I have a bone to pick with Wiarton Willie. It was just over a month ago that southern Ontario’s groundhog pointed his head out of his hole and did not see his shadow — predicting an early end to winter. Yet  here we are, with less ten days to go to the late “six more weeks of winter” that the site of his shadow would have foretold and not a single sign of spring in the air. February was officially declared coldest on record by Environment Canada and now the Royal Botanical Gardens has measured 15 inches of ice in Cootes Paradise – basically frozen to the bottom. Methinks that blasted marmot has some ‘splaining to do!

What my garden should look like…

February is always a tough slog. Dark when you leave for work and dark when you come home. But by the beginning of March, things are supposed to start getting better. The sap runs to make maple syrup and maple sugar. The world is full of new beginnings as creeks begin to run freely, trees begin to bud and the birds begin to sing once again in earnest. Usually by now, I can wander out into my garden, move a few leaves aside and see things starting to grow – in fact most years, I’ve got snow drops in beginning to bloom by now, and other early plants starting to peep their heads out of the warming soil.
Not this year.

…what my garden really looks like.

This year, I still have more than a foot of snow. And thanks to the freezing rain earlier this week, it’s now got a shiny hard surface on top that will slow down any eventual melting – not to mention making everything more slippery than it needs to be. Heavy winter boots and coats are still needed just to have a chance of staying warm. I’ve been fortunate not to be one of the literally thousands who’ve had water pipes freeze and burst, or heating systems fail, but it’s hard to feel fortunate. It’s just too damn cold! Even my dog doesn’t want to go out in this constant arctic chill.

My church choir is practising for Easter, but we joked half-seriously last night that In the Bleak Midwinter might be more appropriate.

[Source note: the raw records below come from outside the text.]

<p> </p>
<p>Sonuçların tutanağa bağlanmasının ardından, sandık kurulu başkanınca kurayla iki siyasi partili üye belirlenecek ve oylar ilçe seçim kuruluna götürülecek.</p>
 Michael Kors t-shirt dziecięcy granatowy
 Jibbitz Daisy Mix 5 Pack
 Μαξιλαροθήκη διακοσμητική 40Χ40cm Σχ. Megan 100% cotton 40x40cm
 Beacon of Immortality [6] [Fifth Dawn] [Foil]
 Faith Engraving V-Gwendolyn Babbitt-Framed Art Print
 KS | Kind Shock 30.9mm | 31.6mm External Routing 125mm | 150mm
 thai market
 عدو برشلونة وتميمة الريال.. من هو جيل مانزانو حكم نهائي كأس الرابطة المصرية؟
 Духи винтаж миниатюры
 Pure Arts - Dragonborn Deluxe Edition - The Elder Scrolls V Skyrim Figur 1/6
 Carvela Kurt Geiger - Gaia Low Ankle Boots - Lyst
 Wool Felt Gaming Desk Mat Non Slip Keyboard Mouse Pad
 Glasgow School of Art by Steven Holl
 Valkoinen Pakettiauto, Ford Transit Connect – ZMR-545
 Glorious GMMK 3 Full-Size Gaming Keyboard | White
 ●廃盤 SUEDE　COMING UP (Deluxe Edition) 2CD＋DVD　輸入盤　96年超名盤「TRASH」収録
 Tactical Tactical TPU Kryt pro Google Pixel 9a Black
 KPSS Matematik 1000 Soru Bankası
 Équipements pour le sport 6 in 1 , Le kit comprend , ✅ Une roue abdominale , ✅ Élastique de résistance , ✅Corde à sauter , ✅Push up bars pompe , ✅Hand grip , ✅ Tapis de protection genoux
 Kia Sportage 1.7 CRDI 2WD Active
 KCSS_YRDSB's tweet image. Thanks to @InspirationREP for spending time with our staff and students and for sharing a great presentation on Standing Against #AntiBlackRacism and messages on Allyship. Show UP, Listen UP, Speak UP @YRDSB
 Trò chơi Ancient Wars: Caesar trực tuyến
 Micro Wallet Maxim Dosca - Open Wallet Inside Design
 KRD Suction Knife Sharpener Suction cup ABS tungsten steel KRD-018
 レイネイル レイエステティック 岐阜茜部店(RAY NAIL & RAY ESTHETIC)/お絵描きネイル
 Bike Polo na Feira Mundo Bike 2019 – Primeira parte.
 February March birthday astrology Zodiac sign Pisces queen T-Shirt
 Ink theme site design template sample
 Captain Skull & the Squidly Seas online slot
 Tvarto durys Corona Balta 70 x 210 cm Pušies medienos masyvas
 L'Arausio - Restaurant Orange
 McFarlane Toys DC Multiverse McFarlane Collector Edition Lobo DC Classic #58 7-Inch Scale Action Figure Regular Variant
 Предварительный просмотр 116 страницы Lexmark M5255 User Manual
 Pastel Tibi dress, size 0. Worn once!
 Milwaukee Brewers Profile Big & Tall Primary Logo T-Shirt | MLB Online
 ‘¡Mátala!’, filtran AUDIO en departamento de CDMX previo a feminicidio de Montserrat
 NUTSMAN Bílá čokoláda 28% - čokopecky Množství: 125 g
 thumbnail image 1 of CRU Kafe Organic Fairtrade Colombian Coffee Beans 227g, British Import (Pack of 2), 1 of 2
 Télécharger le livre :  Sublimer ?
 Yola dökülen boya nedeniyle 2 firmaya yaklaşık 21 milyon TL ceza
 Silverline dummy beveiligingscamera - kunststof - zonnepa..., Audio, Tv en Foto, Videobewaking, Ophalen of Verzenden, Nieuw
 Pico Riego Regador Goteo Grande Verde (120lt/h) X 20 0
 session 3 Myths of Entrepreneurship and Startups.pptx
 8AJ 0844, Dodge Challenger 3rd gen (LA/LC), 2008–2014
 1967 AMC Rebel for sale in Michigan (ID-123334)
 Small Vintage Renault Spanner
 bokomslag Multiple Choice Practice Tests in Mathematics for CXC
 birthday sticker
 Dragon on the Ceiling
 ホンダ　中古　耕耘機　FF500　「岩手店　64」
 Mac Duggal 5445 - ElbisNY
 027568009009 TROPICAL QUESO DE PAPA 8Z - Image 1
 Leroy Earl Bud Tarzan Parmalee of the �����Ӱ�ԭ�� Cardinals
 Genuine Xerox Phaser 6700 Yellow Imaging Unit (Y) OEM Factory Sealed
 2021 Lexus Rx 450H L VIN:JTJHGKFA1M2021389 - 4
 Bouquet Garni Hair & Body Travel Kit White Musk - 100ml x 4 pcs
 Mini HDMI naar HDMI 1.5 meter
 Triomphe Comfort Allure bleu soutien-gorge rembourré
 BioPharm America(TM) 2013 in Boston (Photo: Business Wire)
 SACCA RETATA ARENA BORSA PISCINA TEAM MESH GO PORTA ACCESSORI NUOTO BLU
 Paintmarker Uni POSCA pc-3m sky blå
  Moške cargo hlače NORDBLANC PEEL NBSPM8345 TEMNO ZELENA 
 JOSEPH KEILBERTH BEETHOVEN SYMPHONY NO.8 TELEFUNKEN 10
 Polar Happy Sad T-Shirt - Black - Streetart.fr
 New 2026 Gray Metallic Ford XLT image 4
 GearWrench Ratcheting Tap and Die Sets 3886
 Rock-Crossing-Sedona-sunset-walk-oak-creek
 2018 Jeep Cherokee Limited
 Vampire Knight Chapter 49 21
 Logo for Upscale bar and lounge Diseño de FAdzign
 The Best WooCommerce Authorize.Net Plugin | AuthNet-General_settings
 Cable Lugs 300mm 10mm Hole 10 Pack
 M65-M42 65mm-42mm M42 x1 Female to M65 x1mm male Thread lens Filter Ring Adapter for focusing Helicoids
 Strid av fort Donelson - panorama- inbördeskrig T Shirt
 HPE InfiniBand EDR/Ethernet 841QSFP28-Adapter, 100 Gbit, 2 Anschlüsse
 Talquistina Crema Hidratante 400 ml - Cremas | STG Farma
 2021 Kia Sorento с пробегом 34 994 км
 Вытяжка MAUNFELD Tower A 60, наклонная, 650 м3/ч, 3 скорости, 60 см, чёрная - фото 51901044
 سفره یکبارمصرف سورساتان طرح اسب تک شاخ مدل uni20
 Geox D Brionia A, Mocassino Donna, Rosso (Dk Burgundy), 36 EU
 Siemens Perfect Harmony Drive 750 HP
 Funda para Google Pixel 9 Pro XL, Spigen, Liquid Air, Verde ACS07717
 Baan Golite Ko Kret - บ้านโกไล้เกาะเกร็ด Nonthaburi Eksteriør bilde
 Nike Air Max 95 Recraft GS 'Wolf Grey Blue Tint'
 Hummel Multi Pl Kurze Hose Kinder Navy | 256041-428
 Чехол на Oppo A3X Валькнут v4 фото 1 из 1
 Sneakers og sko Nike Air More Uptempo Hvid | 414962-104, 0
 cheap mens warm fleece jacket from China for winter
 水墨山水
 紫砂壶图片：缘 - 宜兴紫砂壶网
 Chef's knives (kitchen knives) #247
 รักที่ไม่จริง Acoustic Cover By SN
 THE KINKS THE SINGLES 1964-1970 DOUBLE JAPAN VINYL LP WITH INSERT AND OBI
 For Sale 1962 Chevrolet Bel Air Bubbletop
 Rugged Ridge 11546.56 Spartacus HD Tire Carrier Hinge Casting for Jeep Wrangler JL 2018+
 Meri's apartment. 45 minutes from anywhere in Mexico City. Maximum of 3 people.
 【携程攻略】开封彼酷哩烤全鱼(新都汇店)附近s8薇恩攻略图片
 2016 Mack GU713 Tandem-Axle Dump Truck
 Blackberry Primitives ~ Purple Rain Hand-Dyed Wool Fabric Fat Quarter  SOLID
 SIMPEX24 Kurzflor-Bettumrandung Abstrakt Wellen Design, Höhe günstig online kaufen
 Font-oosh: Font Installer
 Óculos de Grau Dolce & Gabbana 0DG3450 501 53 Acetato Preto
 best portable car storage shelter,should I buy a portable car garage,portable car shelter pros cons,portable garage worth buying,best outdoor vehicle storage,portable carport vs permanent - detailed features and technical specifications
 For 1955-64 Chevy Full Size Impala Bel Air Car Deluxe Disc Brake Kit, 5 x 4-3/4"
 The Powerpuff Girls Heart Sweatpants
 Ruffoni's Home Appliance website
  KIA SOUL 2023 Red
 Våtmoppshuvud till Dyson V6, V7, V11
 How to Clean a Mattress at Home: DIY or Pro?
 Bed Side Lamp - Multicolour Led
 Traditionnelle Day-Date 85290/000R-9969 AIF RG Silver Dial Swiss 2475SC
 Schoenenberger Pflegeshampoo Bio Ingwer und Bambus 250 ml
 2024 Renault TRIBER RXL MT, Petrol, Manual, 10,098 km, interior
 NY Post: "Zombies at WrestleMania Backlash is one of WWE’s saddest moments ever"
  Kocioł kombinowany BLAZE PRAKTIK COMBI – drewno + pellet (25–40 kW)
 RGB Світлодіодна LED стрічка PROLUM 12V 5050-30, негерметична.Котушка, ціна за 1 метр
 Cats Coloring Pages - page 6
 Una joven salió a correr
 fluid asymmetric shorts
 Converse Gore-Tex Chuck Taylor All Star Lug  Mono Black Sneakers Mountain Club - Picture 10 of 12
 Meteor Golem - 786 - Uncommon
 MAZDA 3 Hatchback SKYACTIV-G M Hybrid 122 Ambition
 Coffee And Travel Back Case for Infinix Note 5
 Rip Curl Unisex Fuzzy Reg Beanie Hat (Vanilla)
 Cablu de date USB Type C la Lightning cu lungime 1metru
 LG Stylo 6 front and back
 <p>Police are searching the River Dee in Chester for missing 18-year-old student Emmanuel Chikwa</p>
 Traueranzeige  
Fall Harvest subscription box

Climatologists say that the world’s temperature continues to rise. In fact, Ontario’s ministry of envionment and climate change recently issued a new discussion paper  on the subject, reiterating the accepted number 4 – the number of degrees this century the world is on track to warm by and they’re looking for citizen input at in-person consultations scheduled this month or online (shameless plug for my industry: I think nuclear, with it’s CO2-free energy, is part of the solution).

But no matter what the science and our logical selves tell us, global warming is emotionally difficult to conceptualize in the middle of a deep freeze.

I’m ready for a change. Meteorologists are promising a warming trend soon, but I can’t wait. I want to see bicycles and sidewalk chalk, not snowshoes and mittens.. I want to see it in the near future, so let’s band together, kick old man winter to the curb and usher in the warming breezes of spring. Now. Like today. Or sooner. Anyone with me?!